Numerical modeling of intraplate deformation: Simple mechanical models of continental collision

Abstract

We study a model of continental collision in which one of the continents acts as a rigid die indenting the other plate which flows as an incompressible viscoplastic medium. We consider two extreme cases of plane deformation: (1) plane strain which corresponds to an infinitely thick lithospheric plate, and (2) plane stress corresponding to a very thin plate. Deformation of the lithosphere, a thick plate, should be intermediate between those extremes. We found that the flow in the plane strain case is quite similar to that obtained by slip line, theory. The plane stress results are quite different, since in this case most of the plate shortening is taken up by the thickening of the lithosphere. We also explored the role of boundary conditions on the flow, in particular, the role of the side walls containing the flow of the lithosphere.
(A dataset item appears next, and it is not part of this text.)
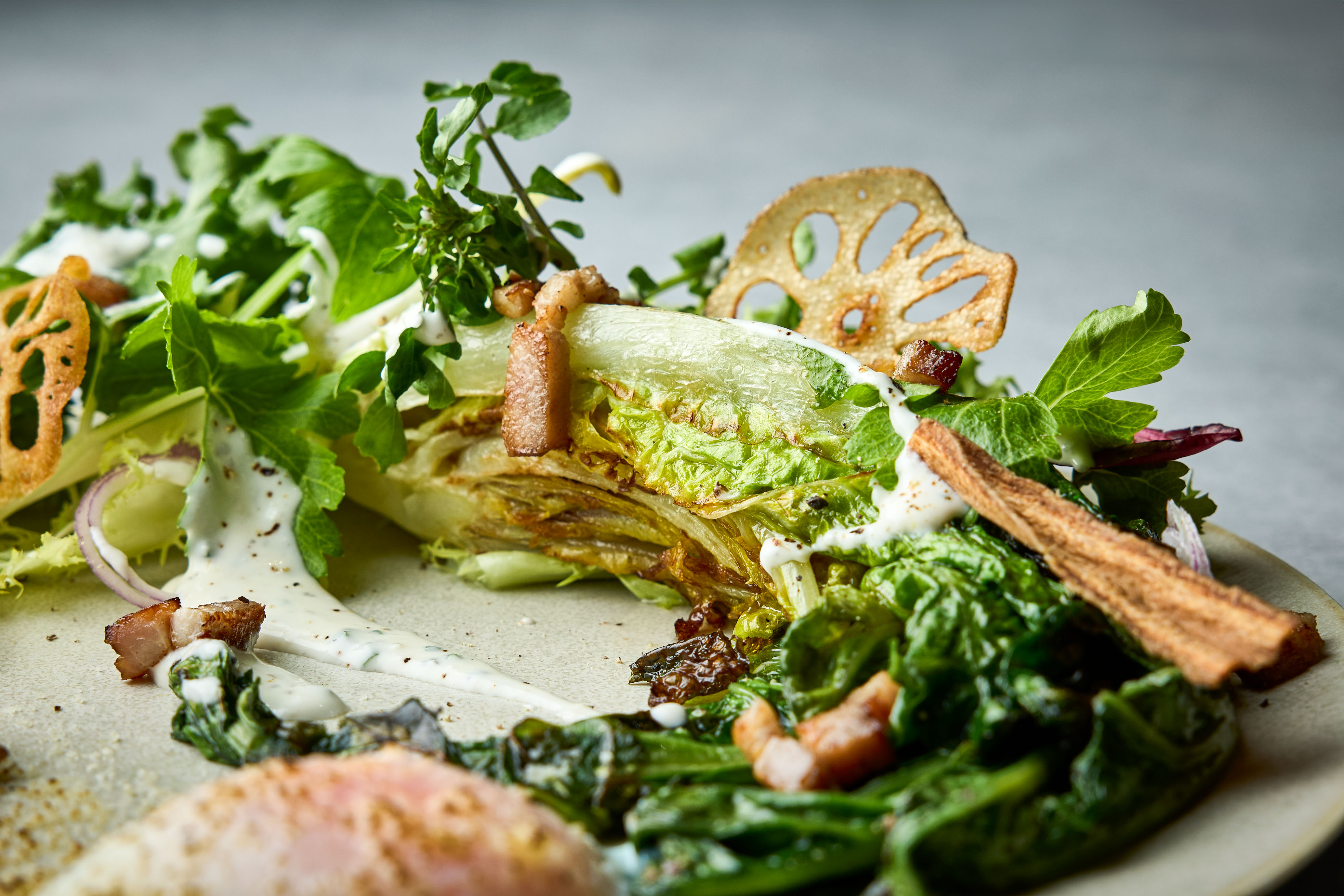 Roasted Romaine Lettuce, Salade Lyonnaiseの画像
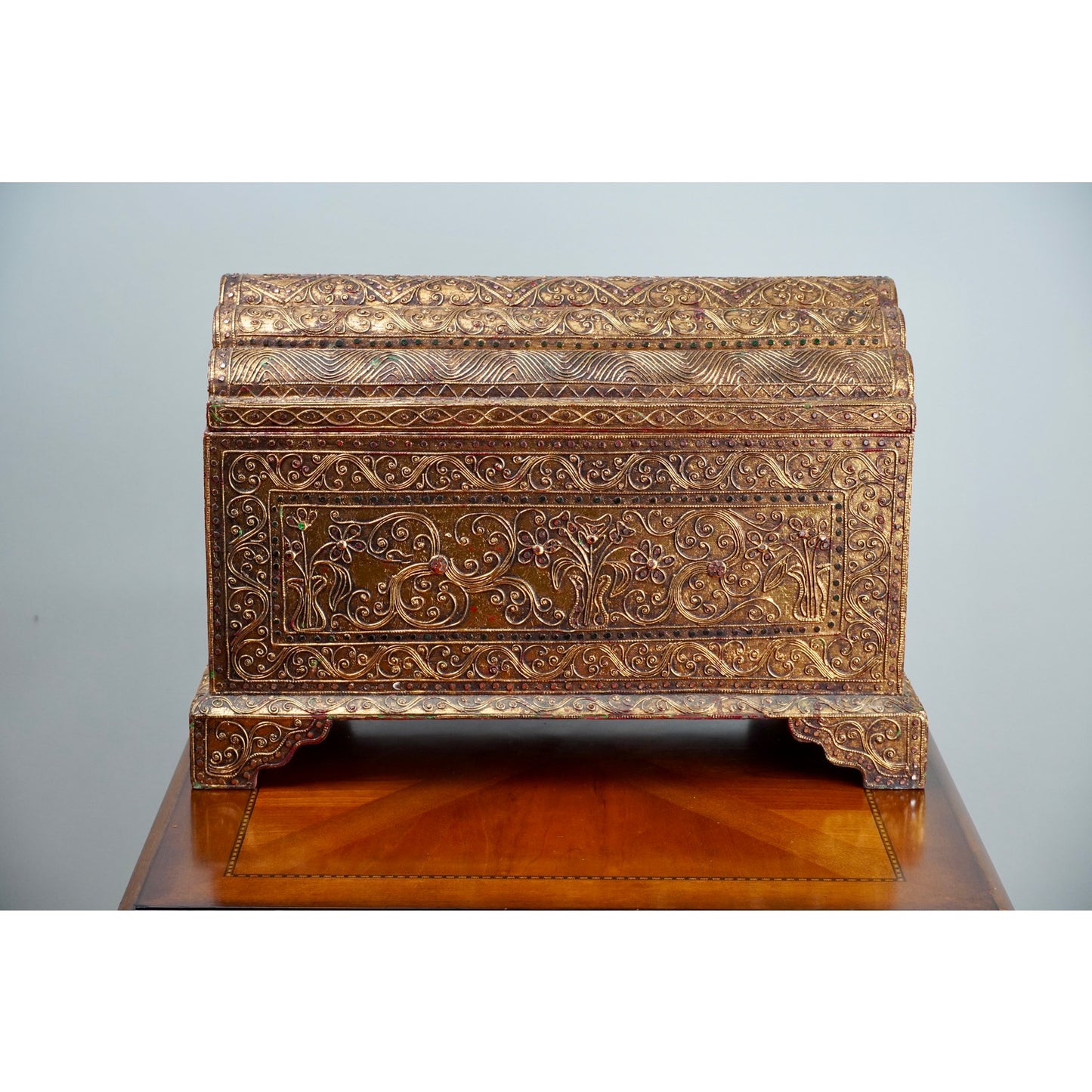 Vintage Burmese Gilt Wood Bejeweled Temple Box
In the case of a free lateral boundary the main feature is a flow of matter toward this free wall and a S‐like pattern for the horizontal stress field. For a rigid wall, on the other hand, the plane strain and the plane stress results are quite different. In the first case, there is a large return flow on the sides of the punch, the material being extruded along the only free surface available. In the plane stress case, the return flow disappears, and the material displaced by the penetration of the die tends to thicken the plate. The role of a nonlinear constitutive relation is studied for power law creep. As the power of the flow limit increases, the flow retains its general features, but the deformation localizes creating sharper contrasts between high and low strain rate areas; in plane stress, the effect of nonlinearity is to increase the contrasts in vertical motion. Available data for Asia are discussed in the light of the new results.